Verbatim copy without pictures. Please print every entry as it stands.

____

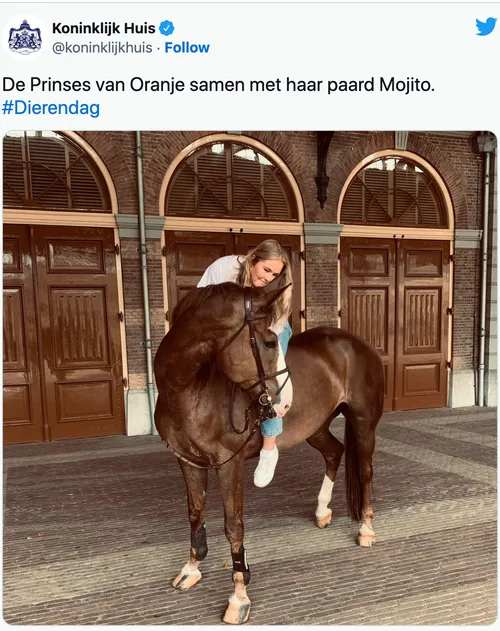 schermafbeelding 2022 10 05 om 142016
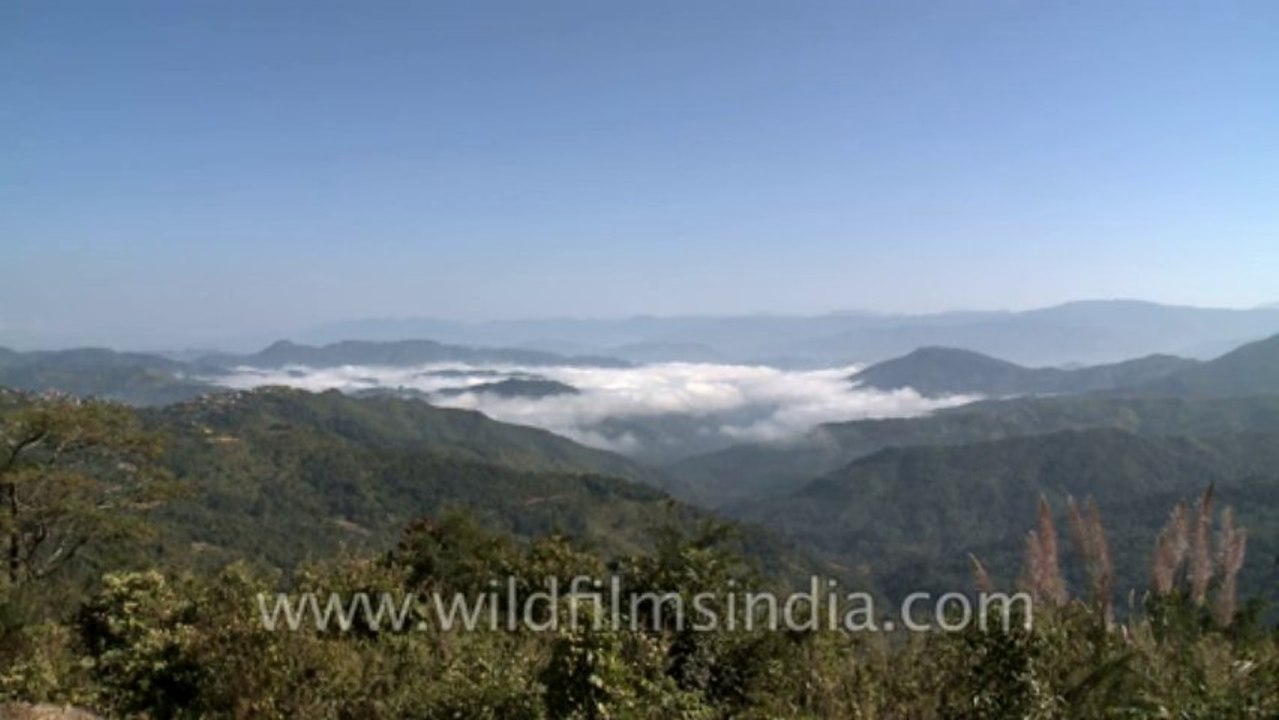 Nagaland-nature-2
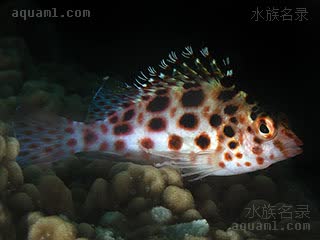 短嘴格 Cirrhitichthys oxycephalus 尖头金䱵  夜间体色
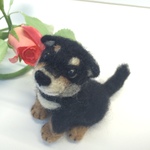 柴犬ちゃん(仔犬・黒・お座り)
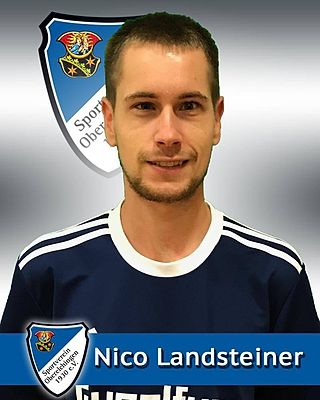 Nico Landsteiner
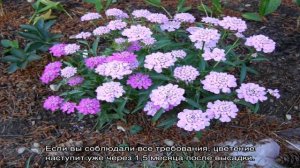 Пышный восторг — иберис зонтичный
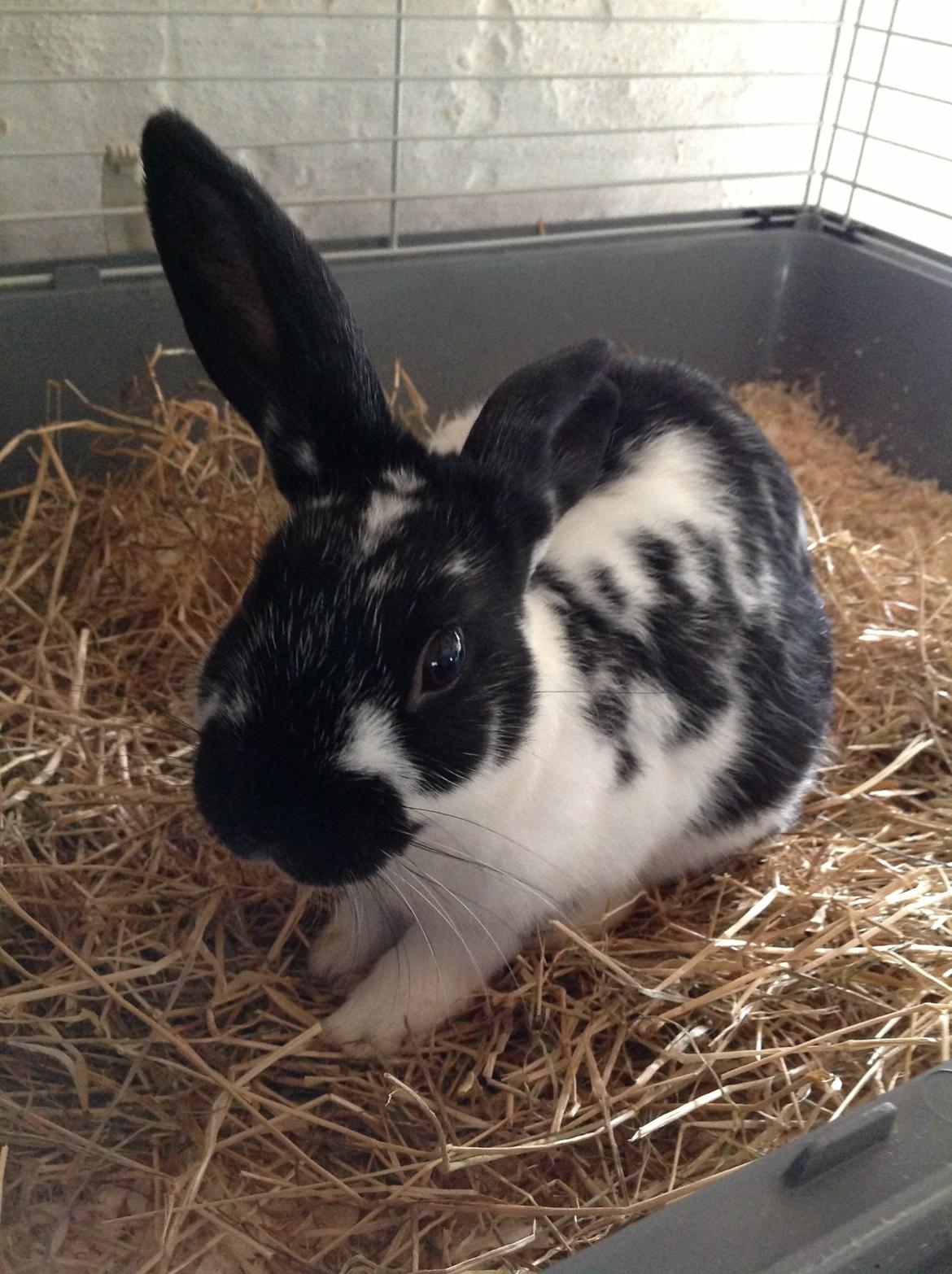 Kanin Bella billede 10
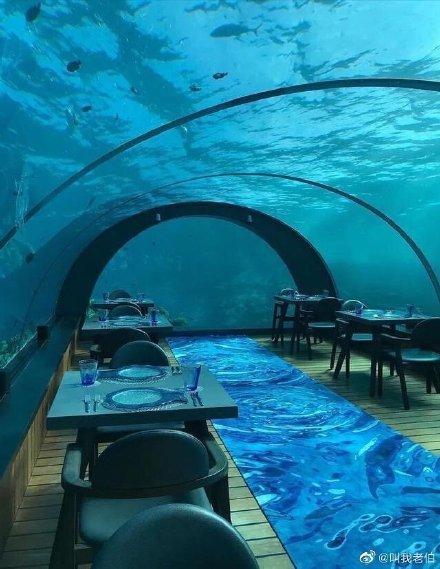 該度假村擁有海底5.8公尺深的海底餐廳，相當浪漫。（翻攝自微博）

____

• _Finished task_
 schermafbeelding 2022 10 05 om 142016
 Nagaland-nature-2
 短嘴格 Cirrhitichthys oxycephalus 尖头金䱵  夜间体色
 柴犬ちゃん(仔犬・黒・お座り)
 Nico Landsteiner
 Пышный восторг — иберис зонтичный
 Kanin Bella billede 10
 該度假村擁有海底5.8公尺深的海底餐廳，相當浪漫。（翻攝自微博）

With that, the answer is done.